Ainda assim, é dos percursos que nascem os melhores e mais conseguidos projetos do futebol. Por isso mesmo, de José Mourinho, o mais importante a reter não serão as suas vitórias, mas a sua educação para o treino, que vem desde os tempos de criança em que vivia nos balneários das equipas orientadas pelo seu pai, que lhe foi cedendo responsabilidades desde cedo, que lhe permitiu observar tudo aquilo que acontecia em seu redor, expondo depois toda essa experiência acumulada ao trabalho académico. Por isso mesmo, de Pep Guardiola, o mais importante será entender aquilo que o move em termos de evolução do seu pensamento, como um dos símbolos maiores da fuga à estagnação de um trabalho de orientação. Quando achamos que o técnico se agarra excessivamente às suas ideias e nos vemos, no jogo seguinte, confrontados com a evolução das mesmas.

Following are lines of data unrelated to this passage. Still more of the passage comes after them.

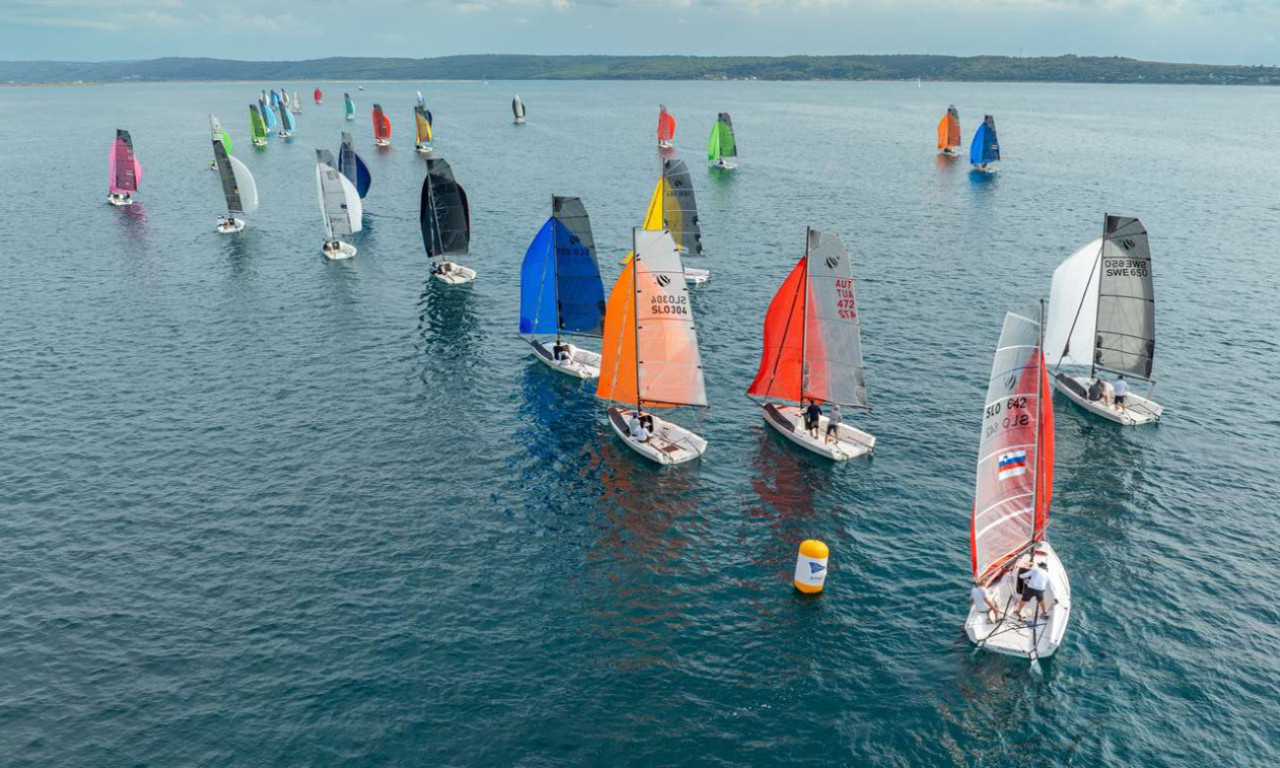 ISTORIJSKI USPEH ZA SRPSKO JEDRENJE Osvojena srebrna medalja na Evropskom prvenstvu u Portorožu!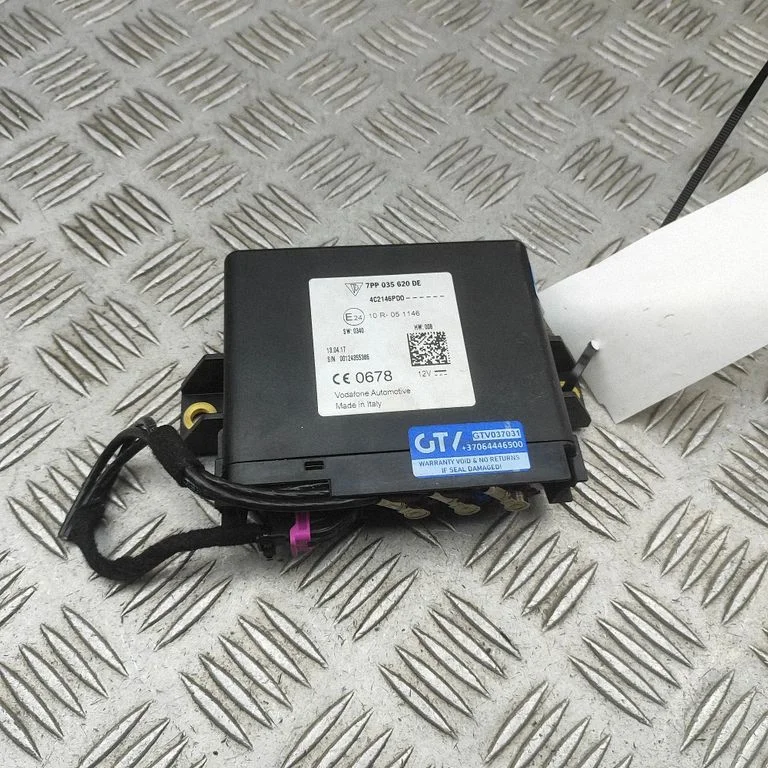 Aerial antenna amplifier 7PP035620DE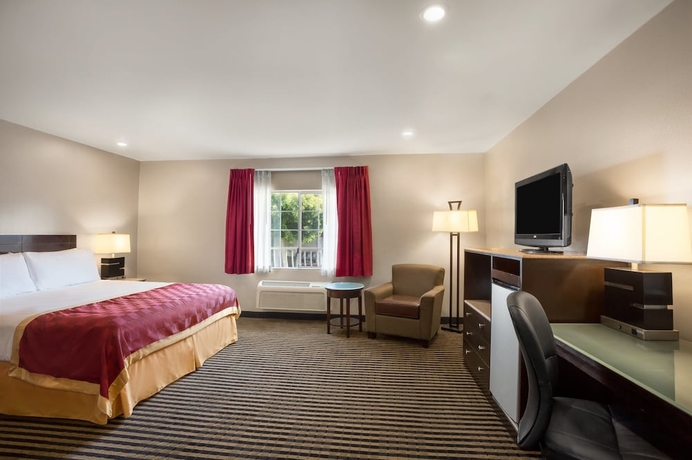 Imagen de la habitación del Hotel Ramada by Wyndham Marina del Rey. Foto 10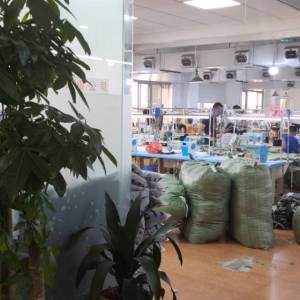 广州鑫诺服装有限公司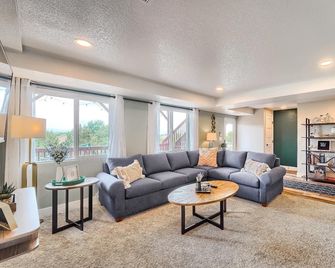 Grandview Hideaway - Vast views, walk to restaurants, disk golf, lots of privacy - Erie - Sala de estar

Na realidade, o verdadeiro valor do treinador não consiste tanto em ter convicções, mas em como as propõe e implanta, sobretudo quando o contexto não é o ideal; também em que se baseia ao analisar essas convicções, ao revê-las, corrigi-las, aperfeiçoá-las e adaptá-las a esse dito contexto.
Martí Perarnau
Fundamental, para o treinador, o valor do tempo e a maneira como se envolve para o aproveitar. Essencial, para o treinador, a constante dúvida que lhe alimenta o progresso, a sede de conhecimento e a capacidade de o rever e adaptar para o contexto em que se insere. A melhor verdade será sempre aquela de que nos aproximamos, pela melhoria da nossa análise, sem que nunca a cheguemos a agarrar.